* **EXERCISE DETAILS**
Could you restate word for word only the lines below from the one holding "Now I think" to the one holding "First, we will", inclusive, and leave out the pictures?

-- DATA SUPPLIED follows --

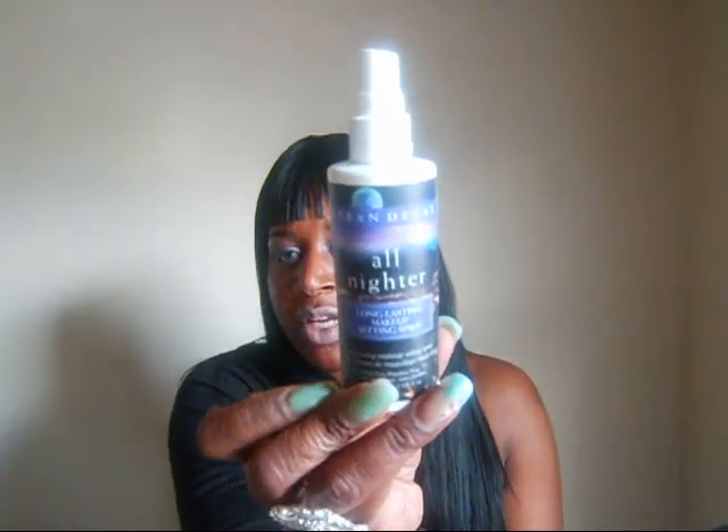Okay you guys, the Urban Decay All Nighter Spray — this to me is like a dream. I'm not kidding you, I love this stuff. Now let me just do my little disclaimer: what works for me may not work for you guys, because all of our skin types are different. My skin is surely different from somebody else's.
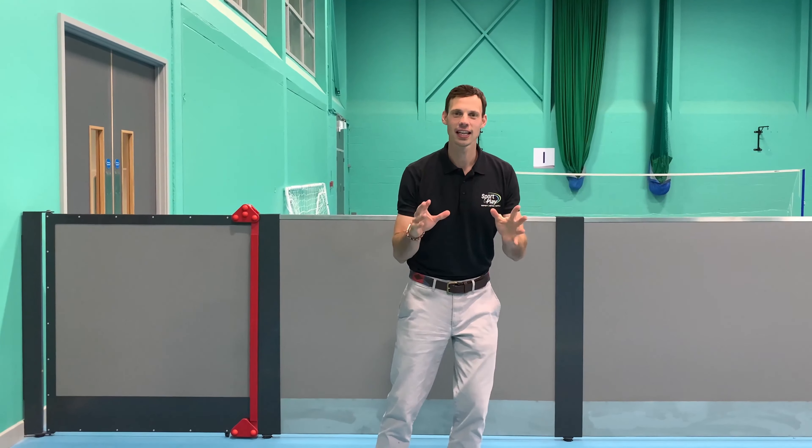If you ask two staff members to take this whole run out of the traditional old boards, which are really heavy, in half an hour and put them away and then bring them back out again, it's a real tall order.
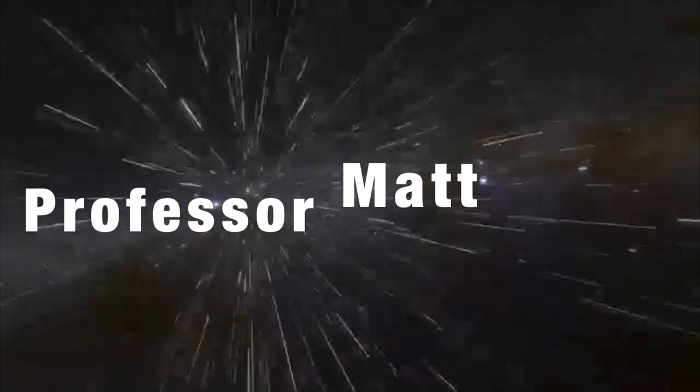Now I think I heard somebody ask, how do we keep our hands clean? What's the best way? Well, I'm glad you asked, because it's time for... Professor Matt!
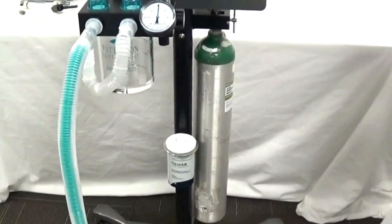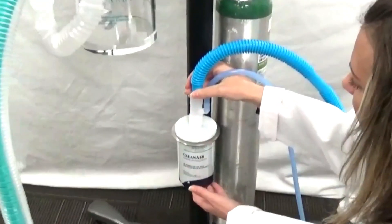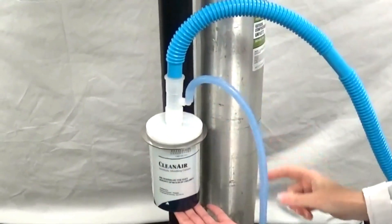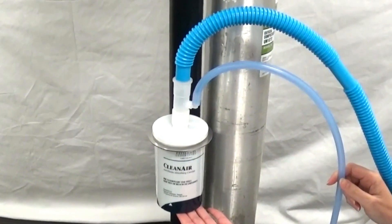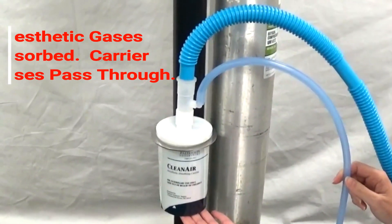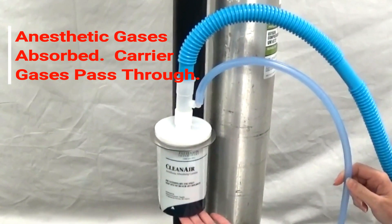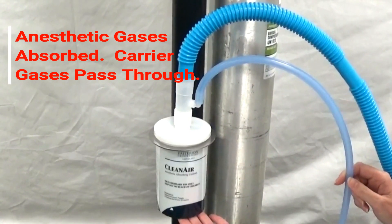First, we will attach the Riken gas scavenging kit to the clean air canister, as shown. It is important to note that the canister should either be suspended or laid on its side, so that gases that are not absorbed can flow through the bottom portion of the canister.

-- DATA SUPPLIED concluded --
-- DATA SUPPLIED follows --

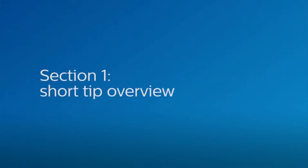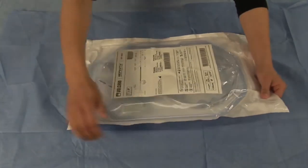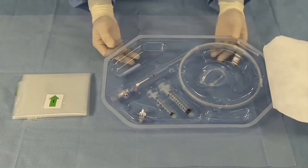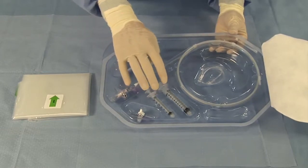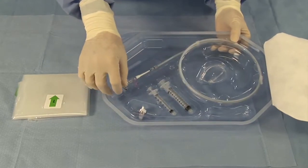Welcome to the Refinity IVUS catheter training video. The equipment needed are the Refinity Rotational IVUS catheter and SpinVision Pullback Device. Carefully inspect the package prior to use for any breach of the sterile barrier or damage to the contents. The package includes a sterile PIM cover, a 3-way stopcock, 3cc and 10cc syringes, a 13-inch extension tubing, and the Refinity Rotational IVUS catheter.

-- DATA SUPPLIED concluded --
-- DATA SUPPLIED follows --

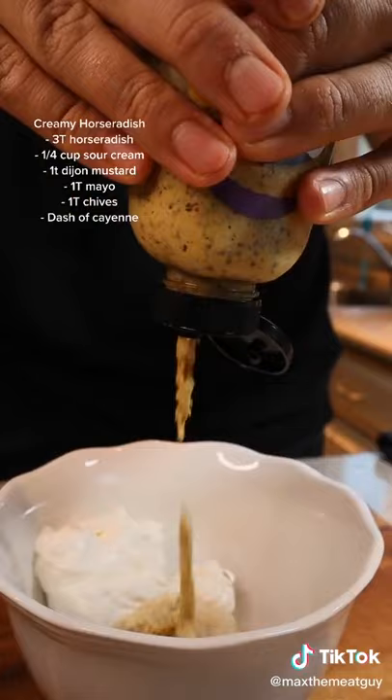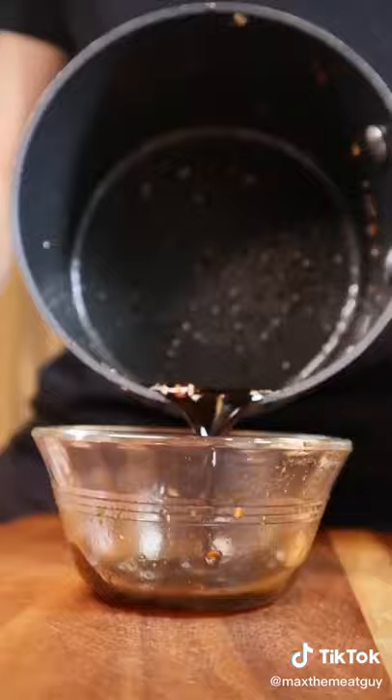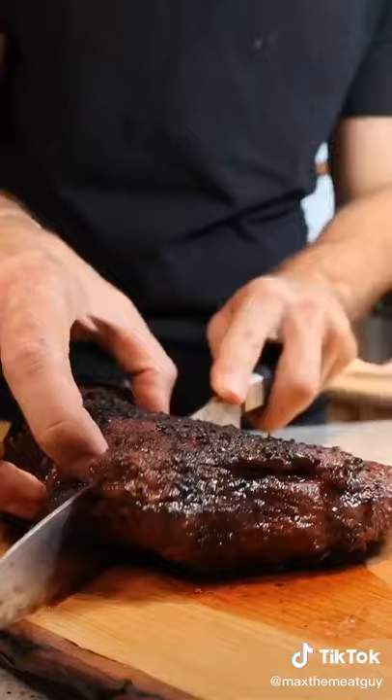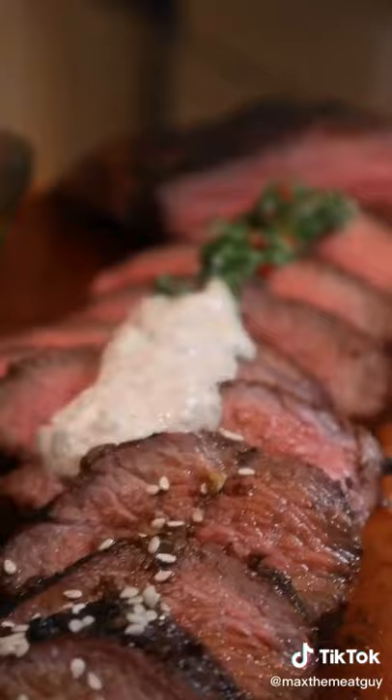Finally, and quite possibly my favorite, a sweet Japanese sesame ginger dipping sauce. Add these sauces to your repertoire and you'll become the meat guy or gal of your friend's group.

-- DATA SUPPLIED concluded --

* **EXERCISE OUTPUT**
Now I think I heard somebody ask, how do we keep our hands clean? What's the best way? Well, I'm glad you asked, because it's time for... Professor Matt!
First, we will attach the Riken gas scavenging kit to the clean air canister, as shown. It is important to note that the canister should either be suspended or laid on its side, so that gases that are not absorbed can flow through the bottom portion of the canister.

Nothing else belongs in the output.